Material shown:

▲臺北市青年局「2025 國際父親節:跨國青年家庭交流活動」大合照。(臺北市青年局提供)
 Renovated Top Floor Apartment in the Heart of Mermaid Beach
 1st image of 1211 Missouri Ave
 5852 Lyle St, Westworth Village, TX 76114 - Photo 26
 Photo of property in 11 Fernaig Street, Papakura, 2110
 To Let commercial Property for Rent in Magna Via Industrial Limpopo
---
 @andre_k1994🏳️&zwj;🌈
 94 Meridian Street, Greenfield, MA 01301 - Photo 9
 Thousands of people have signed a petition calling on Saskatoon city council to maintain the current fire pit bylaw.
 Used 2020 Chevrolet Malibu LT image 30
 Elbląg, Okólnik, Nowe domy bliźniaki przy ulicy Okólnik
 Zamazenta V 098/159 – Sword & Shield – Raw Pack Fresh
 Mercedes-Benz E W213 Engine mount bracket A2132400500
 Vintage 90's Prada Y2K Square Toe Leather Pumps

About this exercise:
Where in the records above does the word "Photo" appear? Copy each line that holds it.

Exercise response:
 5852 Lyle St, Westworth Village, TX 76114 - Photo 26
 Photo of property in 11 Fernaig Street, Papakura, 2110
 94 Meridian Street, Greenfield, MA 01301 - Photo 9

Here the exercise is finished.